If you want organizational momentum behind your project, you have to find a way to build excitement for your initiative. Again, information alone isn’t always going to cut it. High-end consulting firms often train personnel to communicate their message through storytelling. Our minds are structured to make sense of the world in terms of stories. By building a compelling narrative around your data, you can accomplish a lot of your audience’s cognitive work for them, getting you that much closer to a “yes.”
Though many detailed storytelling methodologies exist, most business stories follow roughly the same structure:
Fortunately, the components of the Learning Model Canvas fit well into this storytelling format, and can be interwoven into the story you want to tell, as you can see in the following example.
Employees’ learning expectations (Customer Segment) are evolving as information is becoming available everywhere due to rapid advances in technology. Just as in their consumer life, they expect meaningful, on-demand (Customer Relationship) experiences (Value Proposition) in their business life delivered directly (Delivery) to applications and devices they already use.
We know this because employee attrition is up X% in the last two years. Exit interviews show a primary reason for voluntary termination is lack of learning and development opportunities to grow within their positions.
Our L&D department is structured (Learning Model) for producing informational content (Information Dissemination pattern) focused on maintaining company compliance (Value Proposition - Company).
This model is a constraint to improving employee satisfaction (Getting Information - That One Thing) for meaningful learning experiences (Value Proposition - Employee) within their jobs.
We need to align our assets (Key Resources) around the employee (Customer Segment) with on-demand access to internally developed learning experiences (Design) as well as curated learning experiences (Relationship - Broker) found on third party providers like Lynda.com (Key Partners).
Call to Action:
“The estimated impact on the business is X (Business Outcome), and the estimated investment is Y (Cost Structure). To move this forward I need to confirm your support of this initiative and agree on next steps (Gain Commitment).”
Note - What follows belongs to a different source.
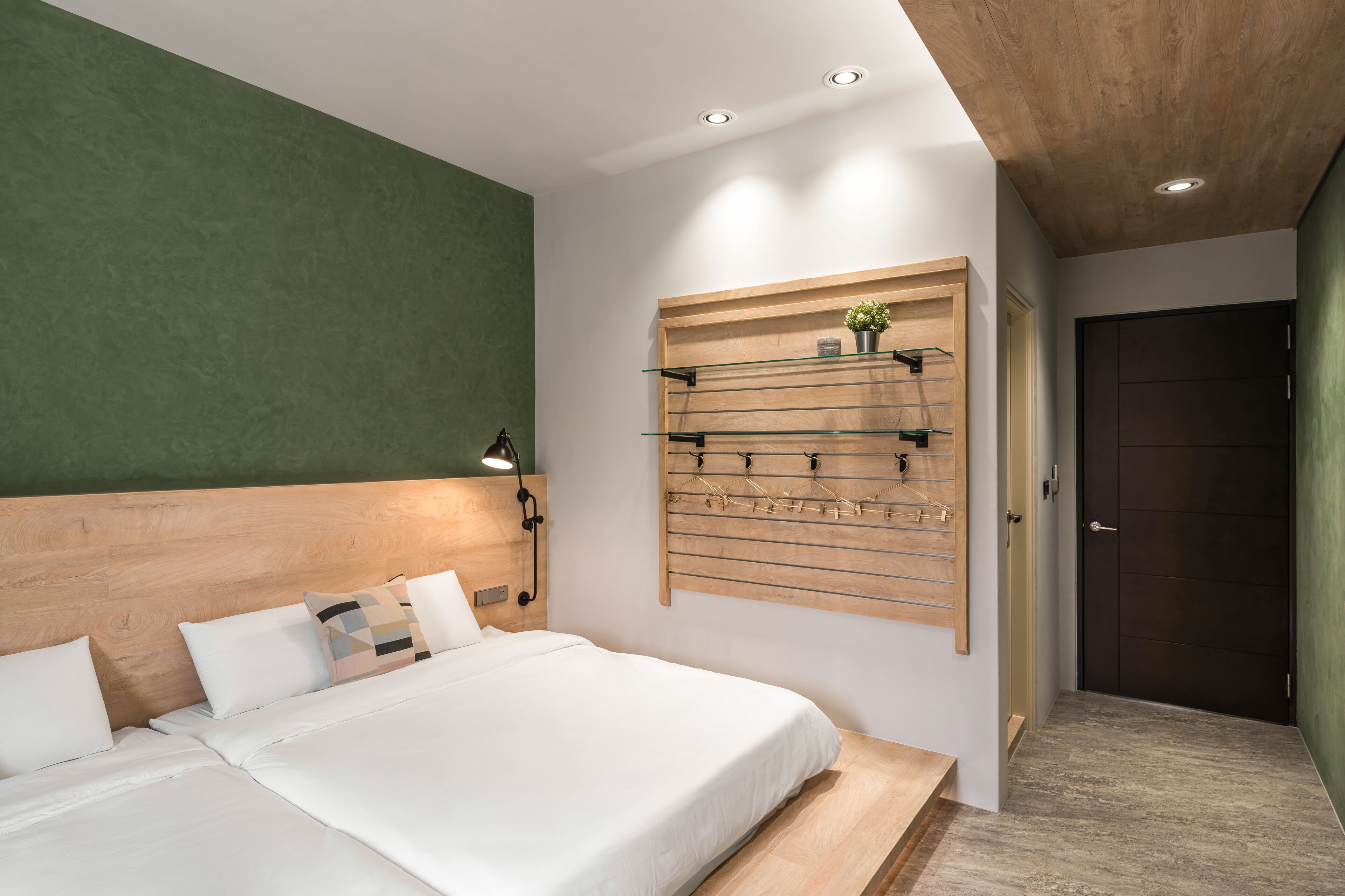 A modern hotel room with a large bed, a wooden headboard, a wall-mounted shelf with hooks, and a dark door.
Learning how to tell the right story is a way to give voice to the data and information you've gathered. In an ideal world, numbers would speak for themselves and L&D would be handed all the resources it needs to get the job done. Until then, you have to become adept at Giving Information. If you want to learn more about how approach storytelling in L&D, drop me a line or leave a comment below.
Supporting documents will often be a welcome addition to your story. These might include a completed LMC, a list of key dependencies, or detailed budget prepared as handouts, or added as appendices to your primary document. If you encounter someone that thinks your story is a “tall tale,” you will be able to rely on these documents to reinforce your proposed solution.